137. En consecuencia, se ordenará a Colpensiones que en el término de diez (10) días hábiles contados a partir de la notificación de esta providencia emita una circular en la que indique a sus funcionarios la interpretación correcta del Acuerdo 049 de 1990 para los beneficiarios del régimen de transición que no estuvieron afiliados al ISS para la fecha de entrada en vigencia del Sistema General de Pensiones contenido en la Ley 100 de 1993, a la luz de la jurisprudencia constitucional, según los criterios definidos por esta misma Corte. Dicha circular se deberá remitir a los correos institucionales de todos los funcionarios de la entidad, así como quedar expuesta en un lugar visible de la página web de Colpensiones y en los centros de servicio que tenga dicha entidad en los diferentes municipios del país. Asimismo, en el término de tres meses deberá rendir un informe de cumplimiento de la sentencia ante el juez de primera instancia y remitir una copia a la Procuraduría General de la Nación.

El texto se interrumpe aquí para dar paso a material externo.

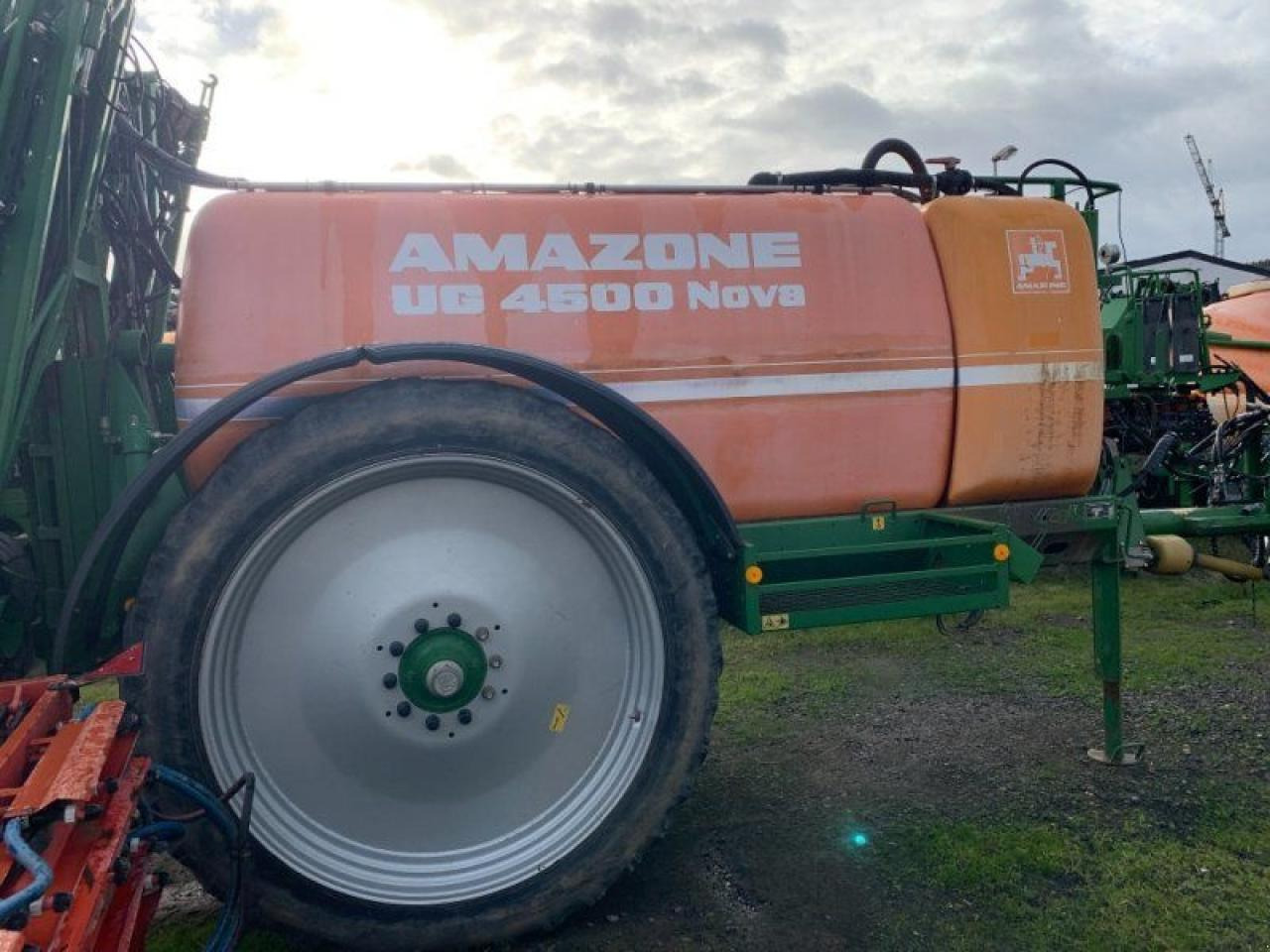 Amazone ug 4500 nova - Vontatott permetezők: 3 kép. Amazone ug 4500 nova - Vontatott permetezők: 3 kép.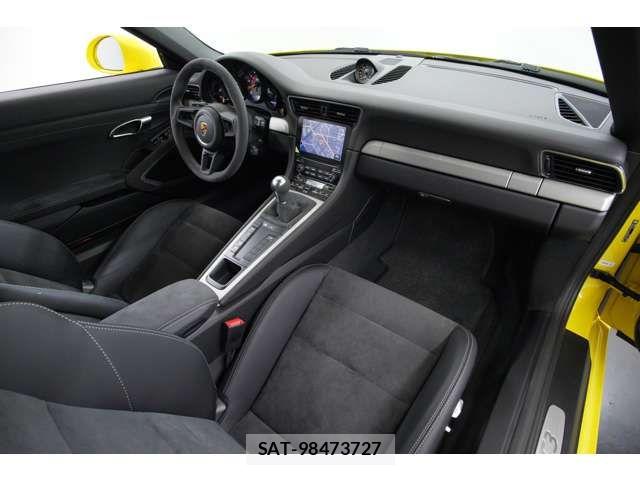 Porsche 911 2019-06 7359297-7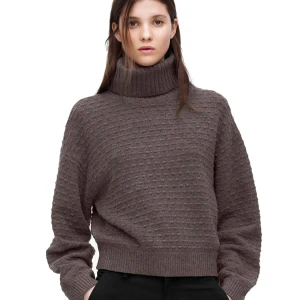 Grå polotröja från Filippa K - Säljer en stilren grå polotröja från Filippa K. Tröjan är stickad med ett diskret mönster och har en hög ribbad polokrage. Perfekt för kyliga dagar med sin mjuka och bekväma passform. Nypris 1799kr, 100% ull. 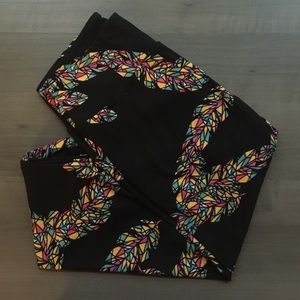 LuLaRoe OS Black (geometric feather) leggings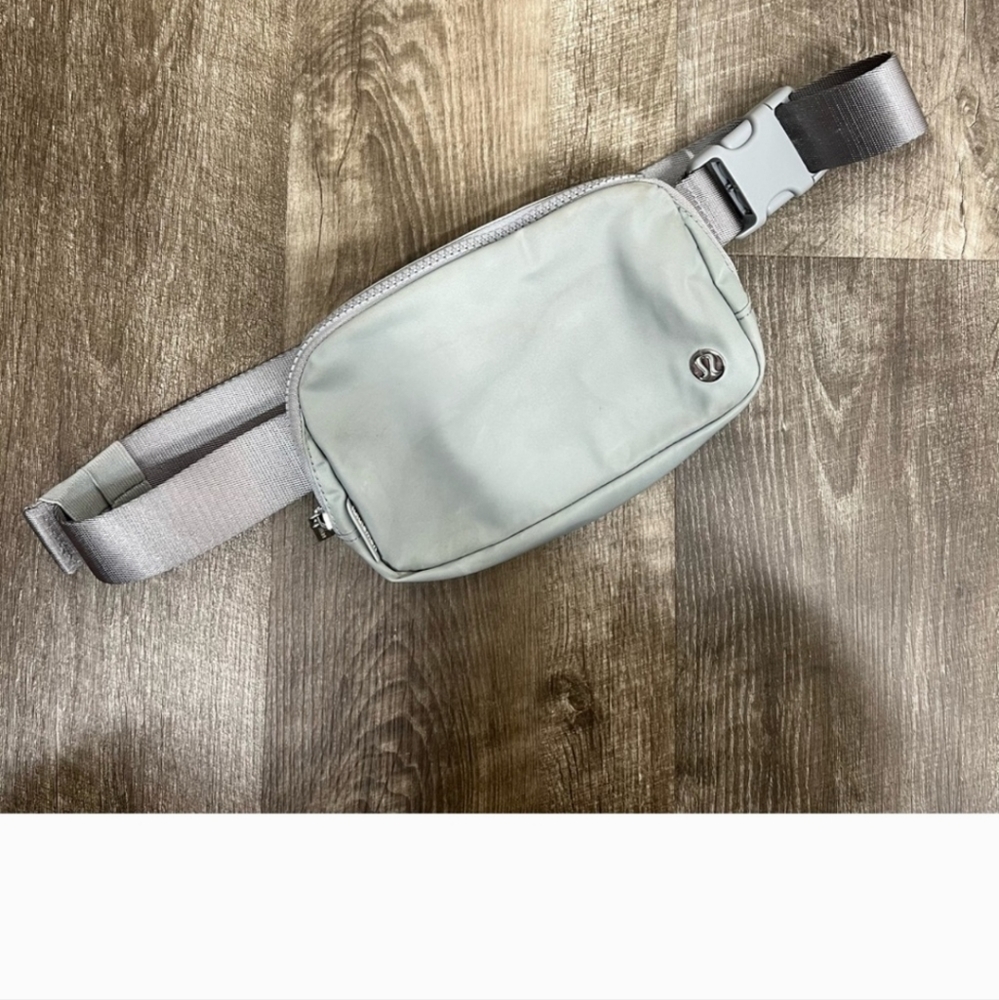 Lululemon Everywhere Belt Bag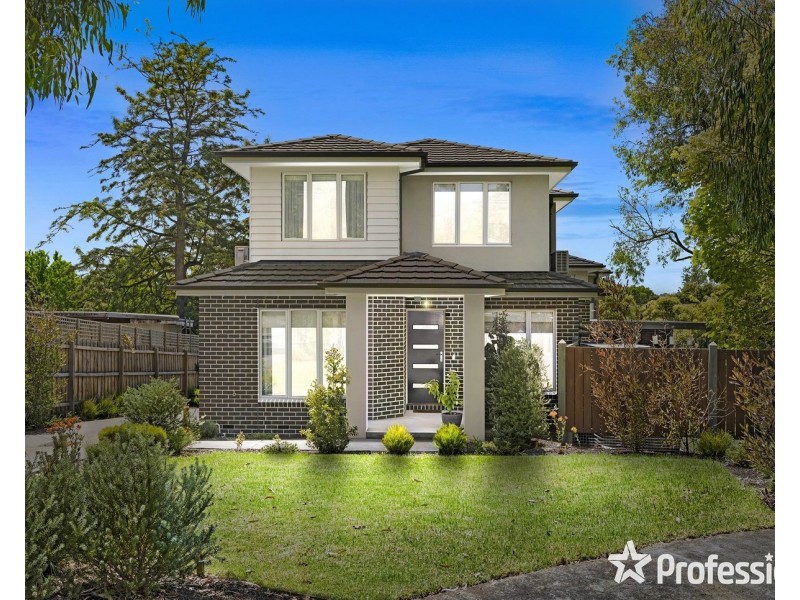 1/8 Montgomery Court, Kilsyth VIC 3137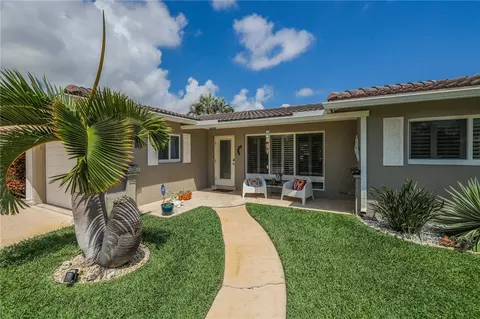 341 SE 3rd St, Pompano Beach, FL 33060 photo 6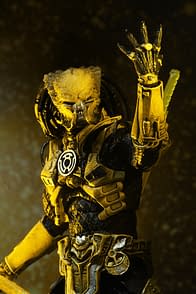 neca yellow lantern predator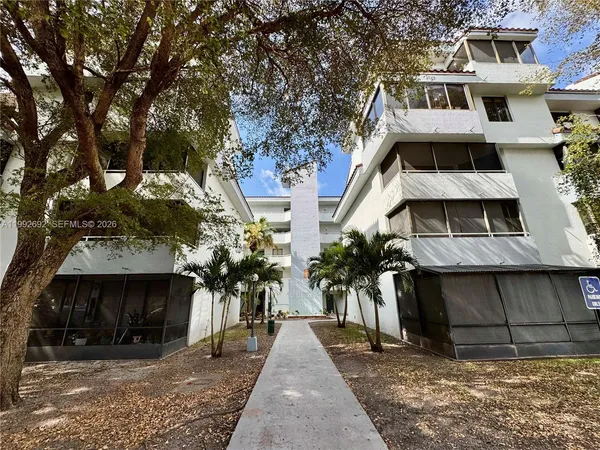 $2,250 | 8335 Southwest 152nd Avenue, Unit B408, Miami, FL 33193
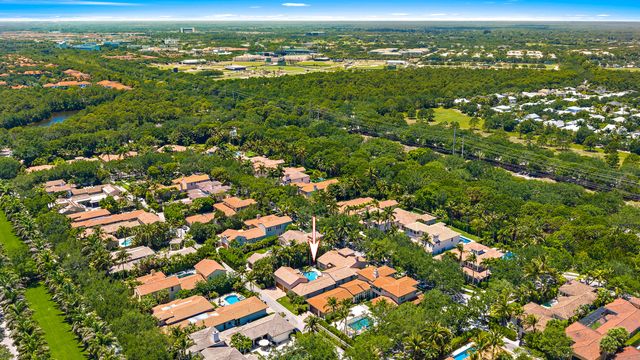 105 Segovia Way, Jupiter, FL 33458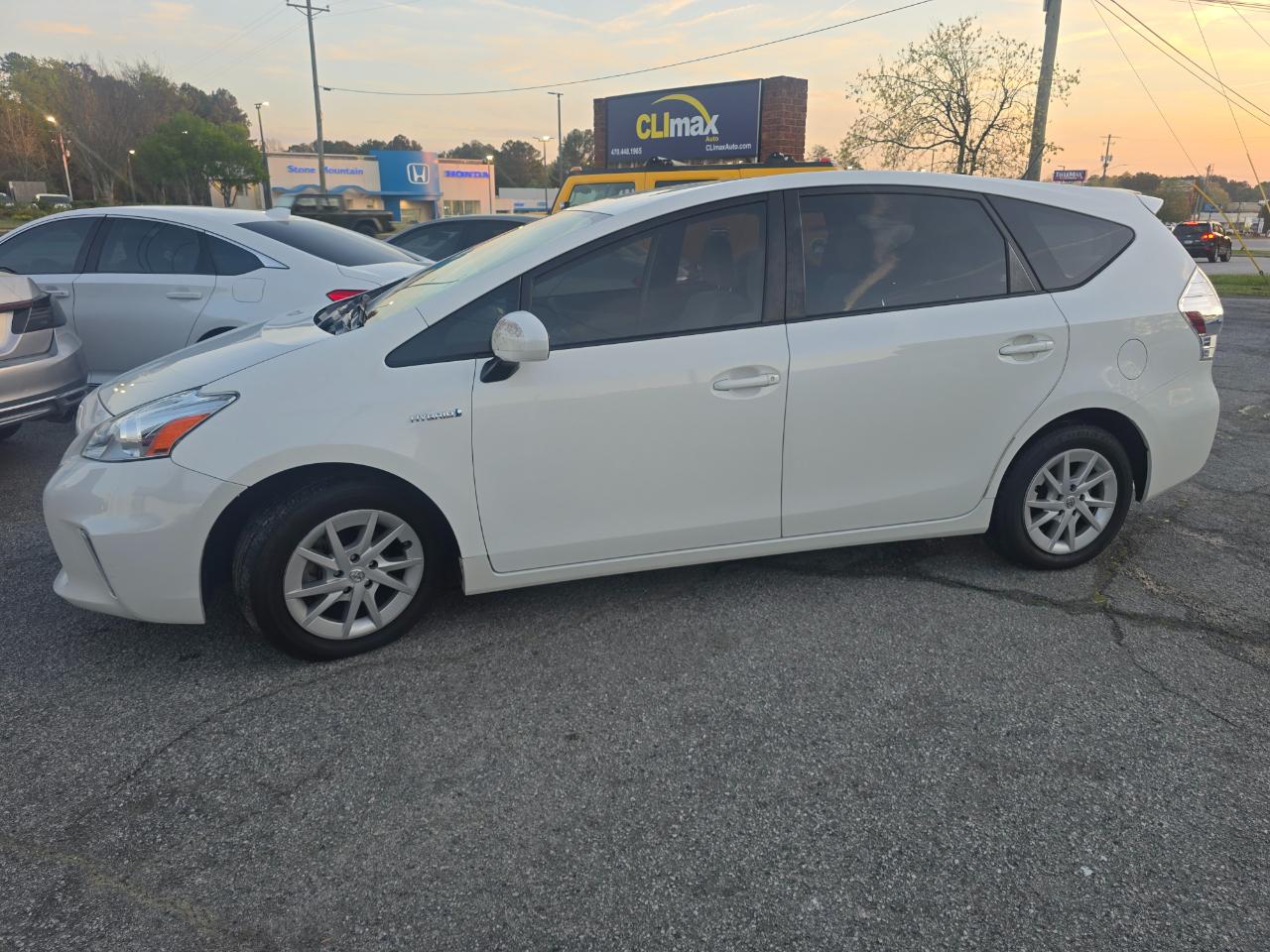 Toyota Prius V Two 2012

138. Dada la renuencia de Colpensiones a cumplir con la jurisprudencia constitucional sobre la materia, se ordenará a la Procuraduría General de la Nación que realice el seguimiento de las órdenes que aquí se impartan y, en caso de observar un incumplimiento de las órdenes dadas, deberá adelantar las acciones de su competencia.
III. DECISIÓN
En mérito de lo expuesto, la Sala Novena de Revisión de la Corte Constitucional, administrando justicia en nombre del pueblo, y por mandato de la Constitución Política
RESUELVE:
Primero. REVOCAR la sentencia proferida el 13 de diciembre de 2024 por la Sala de Casación Civil, Agraria y Rural de la Corte Suprema de Justicia, que confirmó la decisión de la Sala de Casación Penal de la Corte Suprema de Justicia, juez de tutela de primera instancia, que negó la acción de tutela. En su lugar, AMPARAR los derechos fundamentales al debido proceso, a la seguridad social, al mínimo vital, a la vida digna y a la igualdad de Lilia Mercedes Ramos Arias.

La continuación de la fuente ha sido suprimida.